▶ Exercise directions
Copy exactly, beginning with the line holding "Jungels Electric Aurora" and ending with the final line of the data beneath this task; copy nothing else, and leave out every picture.

Data excerpts
============
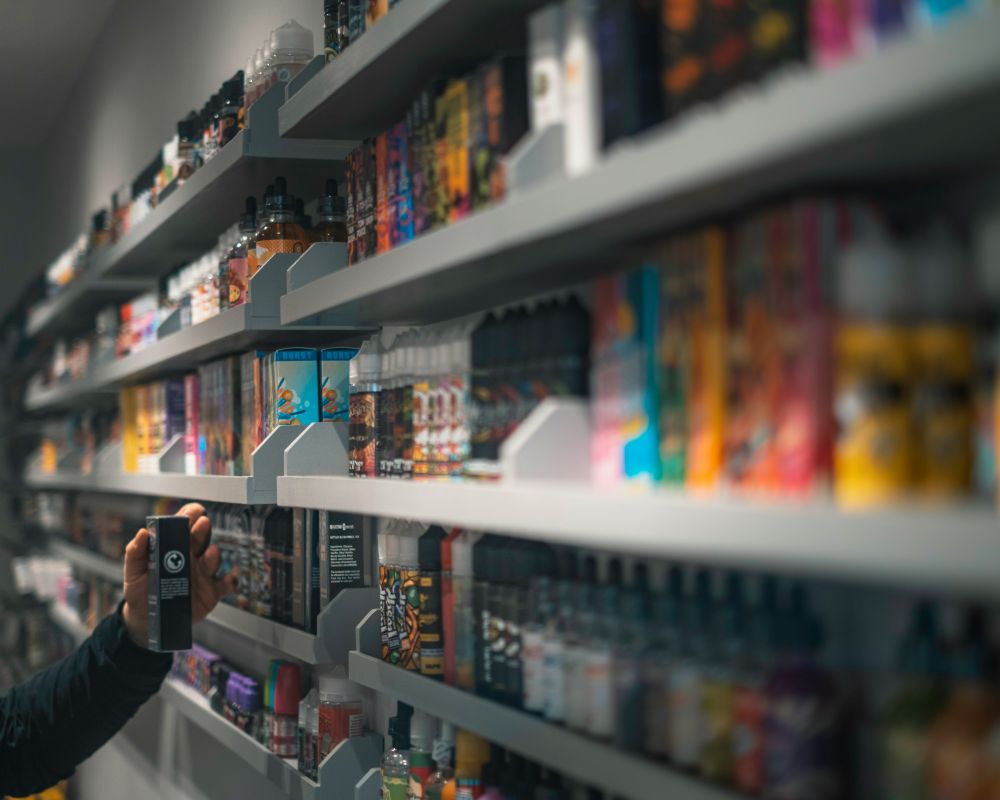 A photo of vapes on shop shelves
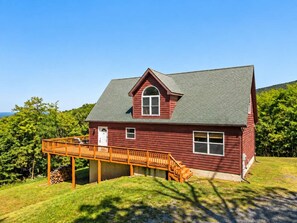 A red wooden house with a covered porch and a large window.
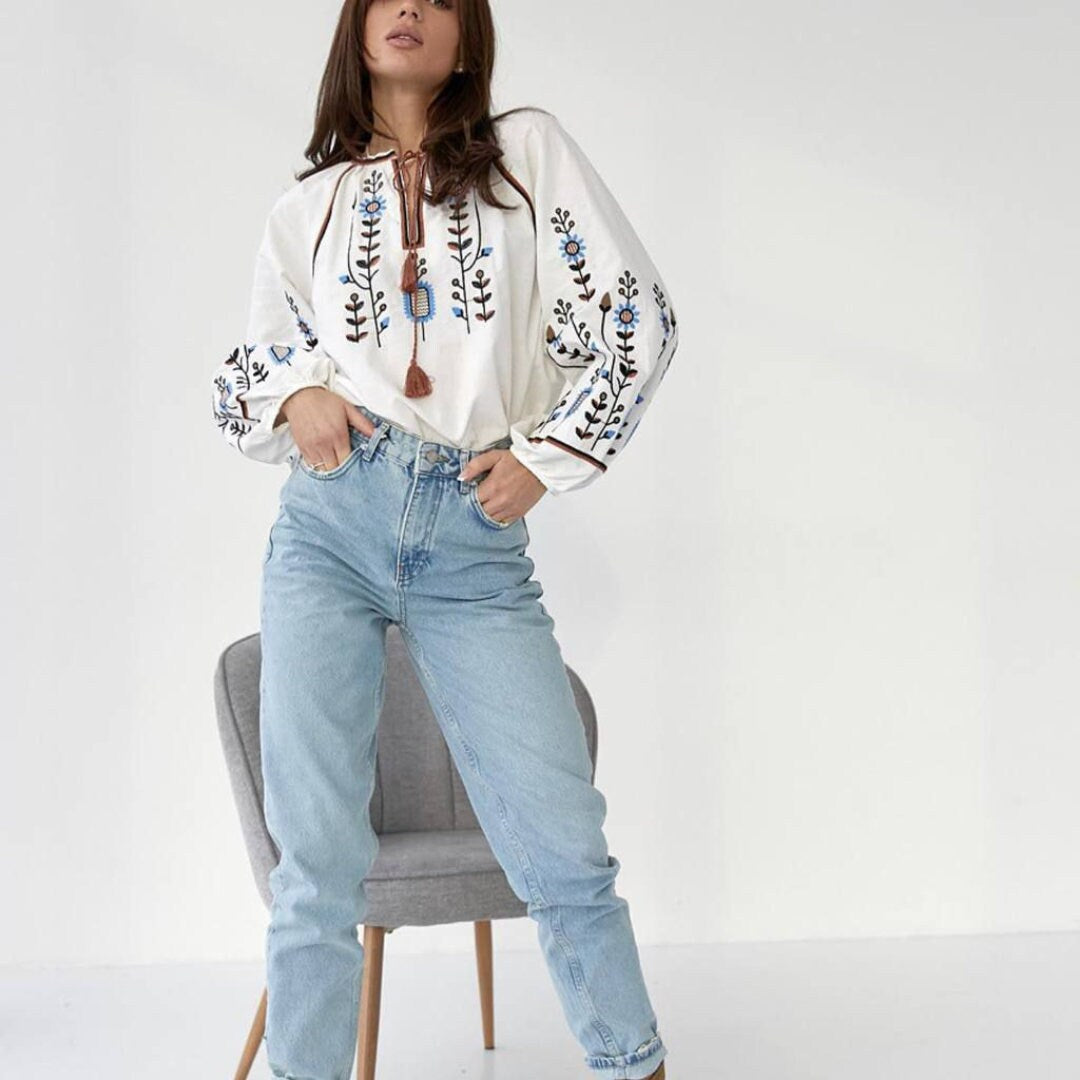 a woman sitting on a chair with her legs crossed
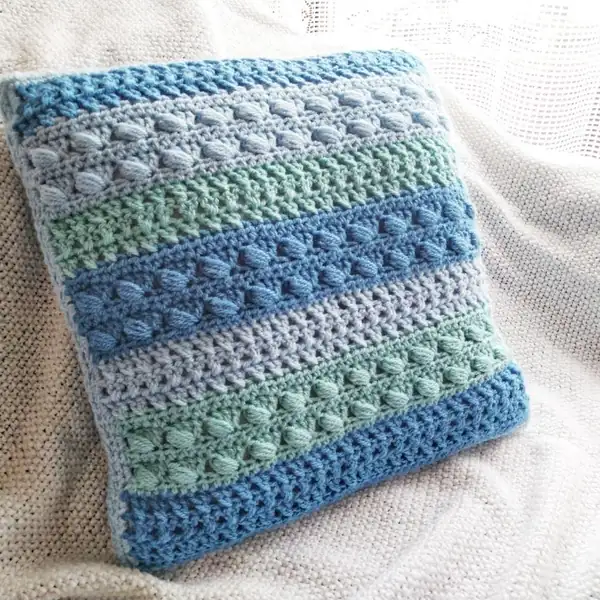Edge round detail on the cushion showing double crochet corner clusters and even side spacing amigurumi panel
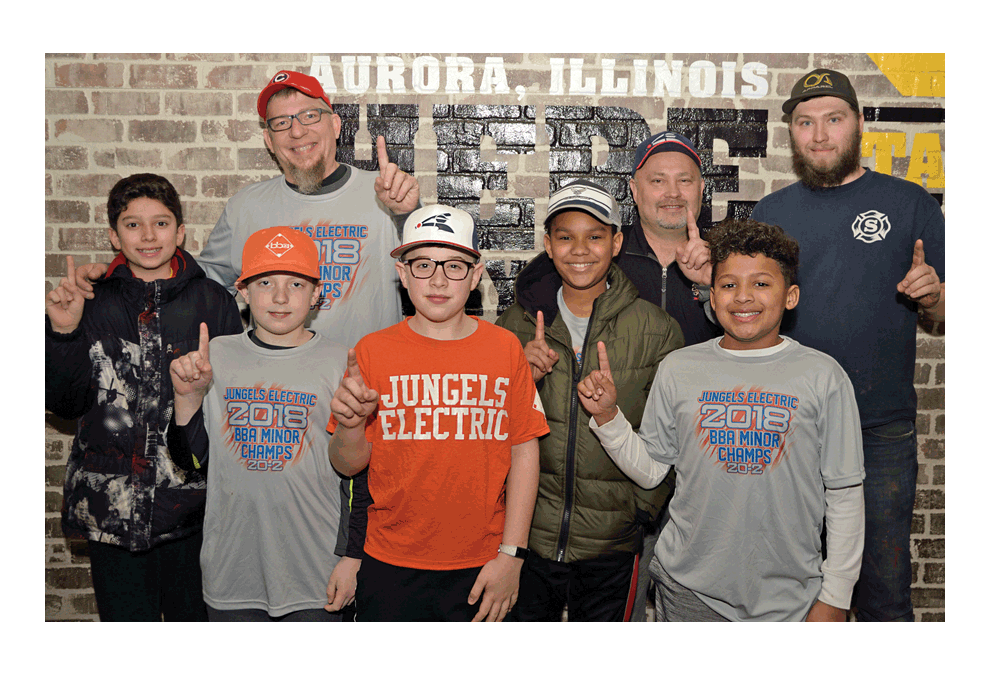 Jungels Electric Aurora Boys Baseball Minor League champion in 2018 participates in the fundraiser Monday at Buffalo Wild Wings in Aurora. Dustin Krueger/The Voice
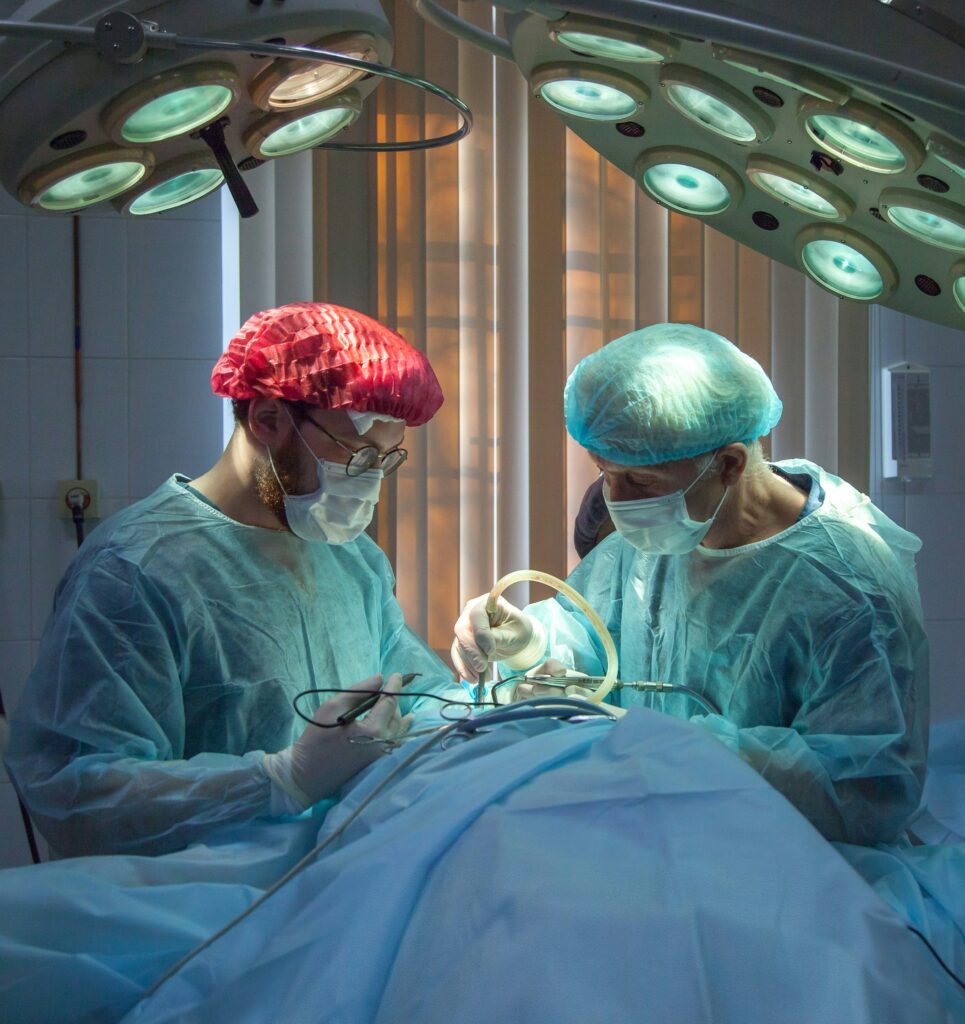 Two surgeons working on a patient, one in a red cap, the other in blue. This is symbolic of competing medical testimony, where two experts go head to head to try and explain how an injury occurred.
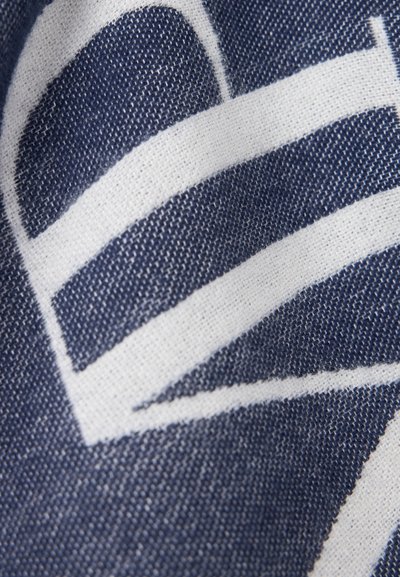 Gros plan sur un tissu bleu avec des formes géométriques blanches et une texture tissée visible.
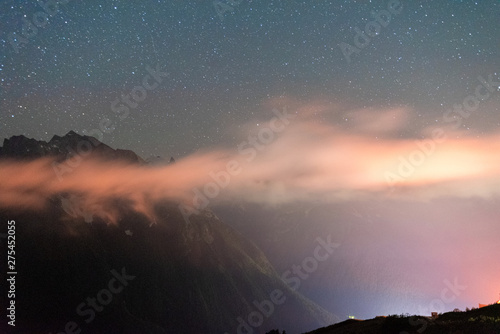 night sky with stars over the mountains with clouds in the mountain resort Dombay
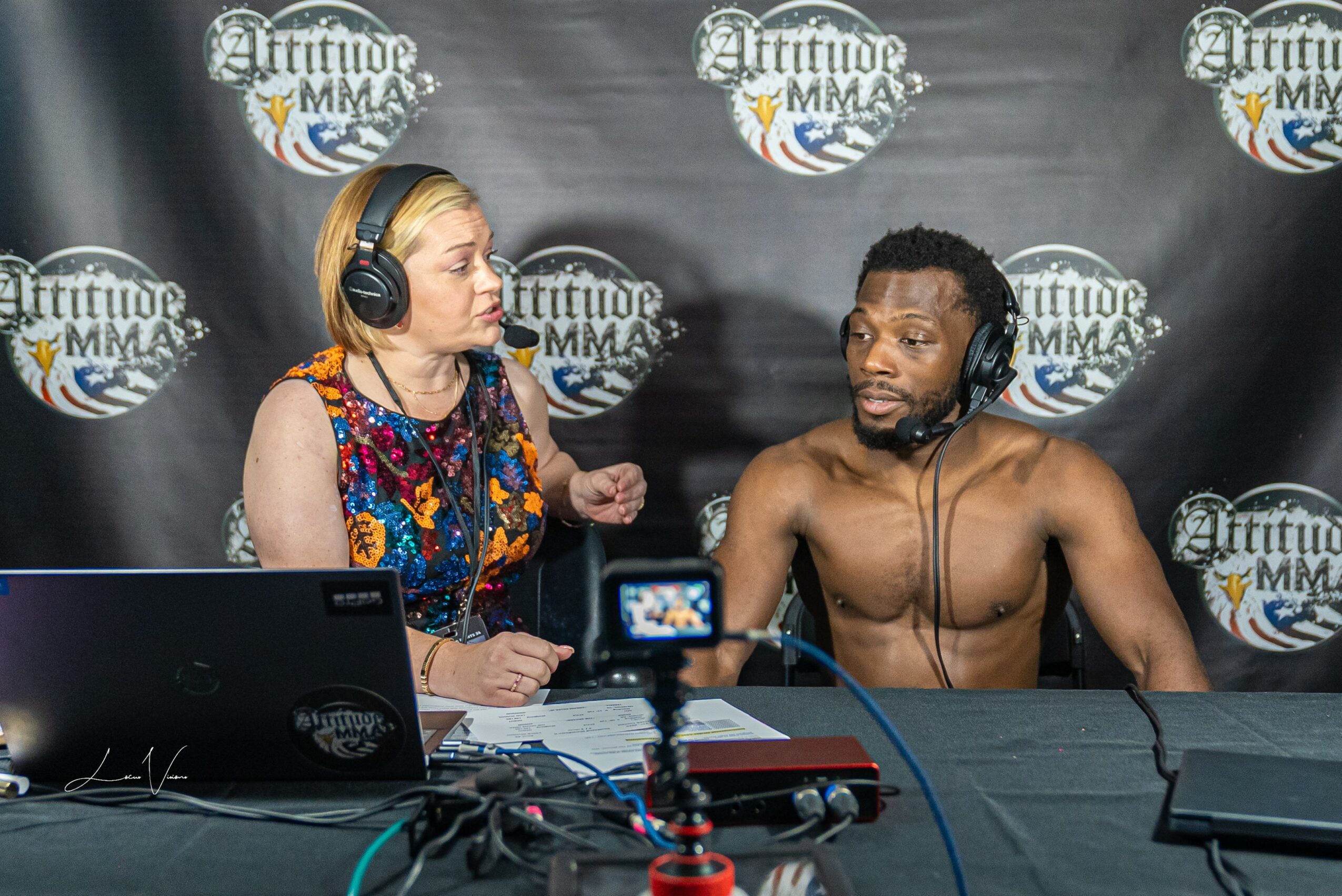 A woman and a shirtless man with headphones sit at a table with recording equipment, in front of a backdrop with logos.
============
▶ Response
 Jungels Electric Aurora Boys Baseball Minor League champion in 2018 participates in the fundraiser Monday at Buffalo Wild Wings in Aurora. Dustin Krueger/The Voice
 Two surgeons working on a patient, one in a red cap, the other in blue. This is symbolic of competing medical testimony, where two experts go head to head to try and explain how an injury occurred.
 Gros plan sur un tissu bleu avec des formes géométriques blanches et une texture tissée visible.
 night sky with stars over the mountains with clouds in the mountain resort Dombay
 A woman and a shirtless man with headphones sit at a table with recording equipment, in front of a backdrop with logos.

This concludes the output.